April 1960: Vauxhall Motors’ Luton plant

April 1960 saw The Engineer publish a report of a visit to what is now the UK’s oldest surviving car brand, namely Vauxhall Motors.

The company’s first model, produced in 1903, was a five-horsepower single-cylinder vehicle steered using a tiller, with two forward gears and no reverse gear. Seventy of these vehicles were produced before modifications were introduced that provided wheel steering and a reverse gear. 

The company moved to Luton in 1905 and by February 1959 the two-millionth car to be built at the Bedfordshire plant came off the production line. According to Luton Today, this production milestone was a cause for celebration and local MP Dr Charles Hill joined management and staff in honouring the occasion.

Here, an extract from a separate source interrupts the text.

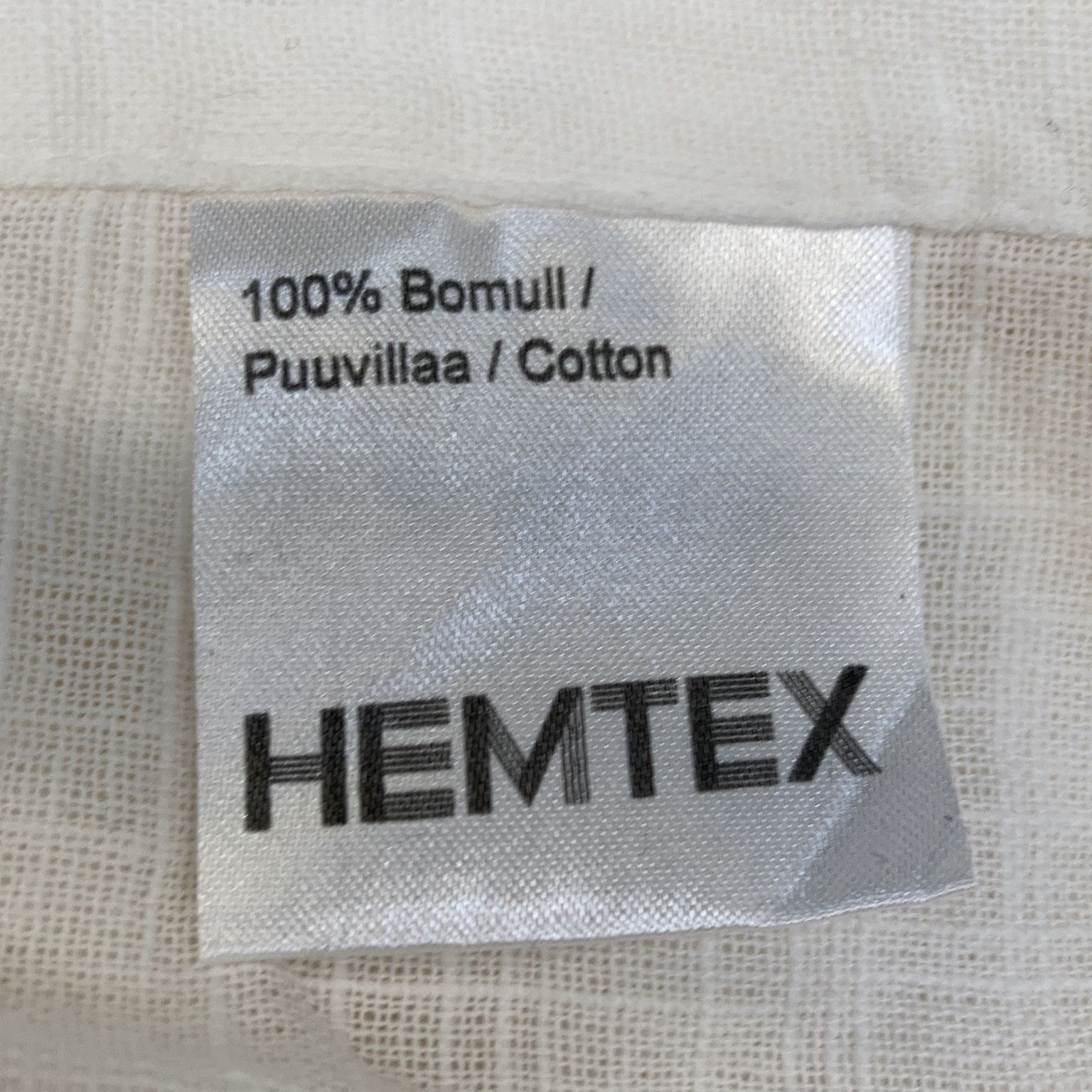 Hemtex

SEE THE ORIGINAL 1960 ARTICLE HERE

The purpose of The Engineer’s visit was lower key, concentrating as it did on two new extensions at Vauxhall’s engineering department in the form of a dynamometer building and a component test facility.

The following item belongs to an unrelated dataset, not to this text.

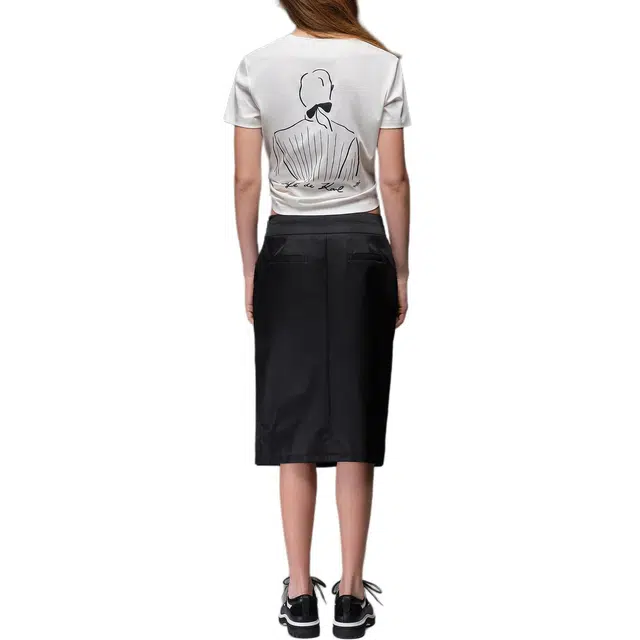 KARL LAGERFELD SS25 Logo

“The new engine test building, which has been designed for extension to include eventually a chassis dynamometer and a vehicle cold room, uses exclusively electric dynamometers supplied from motor/generator sets, and tests simulating exactly the load-speed relationship of road running are conducted under automatic control,” our reporter noted. “We observed an experimental Bedford 300 cubic inch oil engine with an AiResearch turbocharger running on a 6000rpm G.E.C. dynamometer with Emery hydraulic torque sensing; the supercharger speed was monitored by an inductive pick-off detecting the passage of a permanent magnet on the impeller and passing the pulses to a Berkeley timer with direct digital readout.”

According to the report, the new building also included a fuel injection equipment bay and a temperature-controlled room for carburettor airbox testing. The continuous flow rig can be seen above on the opposite page.

“The long-term stability of streamline metering orifices is valuable, as there is no positive displacement rig against which to calibrate them,” said The Engineer.

The testing of components demands a great variety of rigs, our reporter observed, including one which subjected a seat cushion to the effect of ‘two passengers continuously squirming vigorously’.

The picture shown left on the opposite page shows (nearest to the reporter’s camera) a truck steering box being run backwards and forwards through its travel against the resistance of a power steering ram.

“Beyond this is an impact test machine, and beyond that a rig on which car steering linkages were being cycled against spring forces to establish the life of the nipple-lubricated ball joints,” said The Engineer. “Further away is a stroking machine, on which a truck fuel tank is being slammed violently backwards and forwards to simulate the stresses set up when, for instance, coupling up a semi-trailer. Nearby are two machines which test road wheels by pressing two wheels, complete with tyres, together and rotating them, the tyres being cooled by a water spray.”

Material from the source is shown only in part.